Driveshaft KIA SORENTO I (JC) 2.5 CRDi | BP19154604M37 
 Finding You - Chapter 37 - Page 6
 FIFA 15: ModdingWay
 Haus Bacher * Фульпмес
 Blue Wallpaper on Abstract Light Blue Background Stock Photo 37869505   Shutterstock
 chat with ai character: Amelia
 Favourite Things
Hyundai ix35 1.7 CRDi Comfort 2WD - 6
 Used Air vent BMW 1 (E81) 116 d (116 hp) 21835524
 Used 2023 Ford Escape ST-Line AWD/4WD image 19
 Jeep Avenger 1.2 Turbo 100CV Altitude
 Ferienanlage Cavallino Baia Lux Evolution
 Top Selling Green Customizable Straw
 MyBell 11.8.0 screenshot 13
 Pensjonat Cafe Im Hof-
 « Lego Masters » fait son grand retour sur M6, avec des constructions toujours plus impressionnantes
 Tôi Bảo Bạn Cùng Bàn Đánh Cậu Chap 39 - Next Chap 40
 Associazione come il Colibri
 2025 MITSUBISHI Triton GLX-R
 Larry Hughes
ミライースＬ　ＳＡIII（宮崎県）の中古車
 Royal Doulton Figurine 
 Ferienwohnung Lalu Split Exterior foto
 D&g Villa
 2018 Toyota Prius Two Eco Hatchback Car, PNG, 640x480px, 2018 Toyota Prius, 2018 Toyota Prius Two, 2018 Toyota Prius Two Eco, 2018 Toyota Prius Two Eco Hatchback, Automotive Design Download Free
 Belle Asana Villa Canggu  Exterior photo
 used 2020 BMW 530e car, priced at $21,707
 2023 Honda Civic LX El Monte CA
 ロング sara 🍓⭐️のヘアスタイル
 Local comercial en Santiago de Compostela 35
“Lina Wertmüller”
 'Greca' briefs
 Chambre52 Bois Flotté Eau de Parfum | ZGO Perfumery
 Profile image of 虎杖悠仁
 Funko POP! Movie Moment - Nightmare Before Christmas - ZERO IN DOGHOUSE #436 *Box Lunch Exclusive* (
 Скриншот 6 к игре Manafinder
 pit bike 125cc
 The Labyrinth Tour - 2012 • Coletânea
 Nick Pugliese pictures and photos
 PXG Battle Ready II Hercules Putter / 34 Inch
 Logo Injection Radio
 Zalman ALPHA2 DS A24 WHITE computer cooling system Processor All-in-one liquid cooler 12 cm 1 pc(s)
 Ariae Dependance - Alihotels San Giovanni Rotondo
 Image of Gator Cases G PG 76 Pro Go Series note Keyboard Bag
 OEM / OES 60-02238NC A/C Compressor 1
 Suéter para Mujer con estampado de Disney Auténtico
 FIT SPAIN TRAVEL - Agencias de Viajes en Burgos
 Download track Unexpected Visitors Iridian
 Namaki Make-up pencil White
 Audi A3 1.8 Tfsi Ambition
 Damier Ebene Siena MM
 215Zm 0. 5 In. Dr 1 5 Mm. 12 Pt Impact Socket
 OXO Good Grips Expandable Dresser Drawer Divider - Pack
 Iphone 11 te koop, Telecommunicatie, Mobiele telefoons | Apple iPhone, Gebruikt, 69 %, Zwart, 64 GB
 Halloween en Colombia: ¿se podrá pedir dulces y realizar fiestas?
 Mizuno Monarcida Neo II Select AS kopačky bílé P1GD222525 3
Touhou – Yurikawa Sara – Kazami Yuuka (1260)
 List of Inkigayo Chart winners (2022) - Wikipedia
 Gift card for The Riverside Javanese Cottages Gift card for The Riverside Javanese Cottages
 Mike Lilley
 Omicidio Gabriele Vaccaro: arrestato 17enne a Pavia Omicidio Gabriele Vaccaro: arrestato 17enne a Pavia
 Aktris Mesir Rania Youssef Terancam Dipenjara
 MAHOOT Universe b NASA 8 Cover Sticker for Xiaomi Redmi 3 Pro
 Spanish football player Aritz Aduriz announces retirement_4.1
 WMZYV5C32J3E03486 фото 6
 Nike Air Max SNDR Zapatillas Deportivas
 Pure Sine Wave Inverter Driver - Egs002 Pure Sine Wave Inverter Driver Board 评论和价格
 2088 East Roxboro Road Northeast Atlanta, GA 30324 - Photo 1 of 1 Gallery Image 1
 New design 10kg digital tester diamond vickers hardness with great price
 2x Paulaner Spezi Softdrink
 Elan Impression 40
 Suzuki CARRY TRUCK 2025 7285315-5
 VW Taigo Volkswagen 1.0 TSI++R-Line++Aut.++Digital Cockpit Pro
:::
- _What is required_
Repeat all the material, keeping each line identical.

- _Answer to this problem_
Driveshaft KIA SORENTO I (JC) 2.5 CRDi | BP19154604M37 
 Finding You - Chapter 37 - Page 6
 FIFA 15: ModdingWay
 Haus Bacher * Фульпмес
 Blue Wallpaper on Abstract Light Blue Background Stock Photo 37869505   Shutterstock
 chat with ai character: Amelia
 Favourite Things
Hyundai ix35 1.7 CRDi Comfort 2WD - 6
 Used Air vent BMW 1 (E81) 116 d (116 hp) 21835524
 Used 2023 Ford Escape ST-Line AWD/4WD image 19
 Jeep Avenger 1.2 Turbo 100CV Altitude
 Ferienanlage Cavallino Baia Lux Evolution
 Top Selling Green Customizable Straw
 MyBell 11.8.0 screenshot 13
 Pensjonat Cafe Im Hof-
 « Lego Masters » fait son grand retour sur M6, avec des constructions toujours plus impressionnantes
 Tôi Bảo Bạn Cùng Bàn Đánh Cậu Chap 39 - Next Chap 40
 Associazione come il Colibri
 2025 MITSUBISHI Triton GLX-R
 Larry Hughes
ミライースＬ　ＳＡIII（宮崎県）の中古車
 Royal Doulton Figurine 
 Ferienwohnung Lalu Split Exterior foto
 D&g Villa
 2018 Toyota Prius Two Eco Hatchback Car, PNG, 640x480px, 2018 Toyota Prius, 2018 Toyota Prius Two, 2018 Toyota Prius Two Eco, 2018 Toyota Prius Two Eco Hatchback, Automotive Design Download Free
 Belle Asana Villa Canggu  Exterior photo
 used 2020 BMW 530e car, priced at $21,707
 2023 Honda Civic LX El Monte CA
 ロング sara 🍓⭐️のヘアスタイル
 Local comercial en Santiago de Compostela 35
“Lina Wertmüller”
 'Greca' briefs
 Chambre52 Bois Flotté Eau de Parfum | ZGO Perfumery
 Profile image of 虎杖悠仁
 Funko POP! Movie Moment - Nightmare Before Christmas - ZERO IN DOGHOUSE #436 *Box Lunch Exclusive* (
 Скриншот 6 к игре Manafinder
 pit bike 125cc
 The Labyrinth Tour - 2012 • Coletânea
 Nick Pugliese pictures and photos
 PXG Battle Ready II Hercules Putter / 34 Inch
 Logo Injection Radio
 Zalman ALPHA2 DS A24 WHITE computer cooling system Processor All-in-one liquid cooler 12 cm 1 pc(s)
 Ariae Dependance - Alihotels San Giovanni Rotondo
 Image of Gator Cases G PG 76 Pro Go Series note Keyboard Bag
 OEM / OES 60-02238NC A/C Compressor 1
 Suéter para Mujer con estampado de Disney Auténtico
 FIT SPAIN TRAVEL - Agencias de Viajes en Burgos
 Download track Unexpected Visitors Iridian
 Namaki Make-up pencil White
 Audi A3 1.8 Tfsi Ambition
 Damier Ebene Siena MM
 215Zm 0. 5 In. Dr 1 5 Mm. 12 Pt Impact Socket
 OXO Good Grips Expandable Dresser Drawer Divider - Pack
 Iphone 11 te koop, Telecommunicatie, Mobiele telefoons | Apple iPhone, Gebruikt, 69 %, Zwart, 64 GB
 Halloween en Colombia: ¿se podrá pedir dulces y realizar fiestas?
 Mizuno Monarcida Neo II Select AS kopačky bílé P1GD222525 3
Touhou – Yurikawa Sara – Kazami Yuuka (1260)
 List of Inkigayo Chart winners (2022) - Wikipedia
 Gift card for The Riverside Javanese Cottages Gift card for The Riverside Javanese Cottages
 Mike Lilley
 Omicidio Gabriele Vaccaro: arrestato 17enne a Pavia Omicidio Gabriele Vaccaro: arrestato 17enne a Pavia
 Aktris Mesir Rania Youssef Terancam Dipenjara
 MAHOOT Universe b NASA 8 Cover Sticker for Xiaomi Redmi 3 Pro
 Spanish football player Aritz Aduriz announces retirement_4.1
 WMZYV5C32J3E03486 фото 6
 Nike Air Max SNDR Zapatillas Deportivas
 Pure Sine Wave Inverter Driver - Egs002 Pure Sine Wave Inverter Driver Board 评论和价格
 2088 East Roxboro Road Northeast Atlanta, GA 30324 - Photo 1 of 1 Gallery Image 1
 New design 10kg digital tester diamond vickers hardness with great price
 2x Paulaner Spezi Softdrink
 Elan Impression 40
 Suzuki CARRY TRUCK 2025 7285315-5
 VW Taigo Volkswagen 1.0 TSI++R-Line++Aut.++Digital Cockpit Pro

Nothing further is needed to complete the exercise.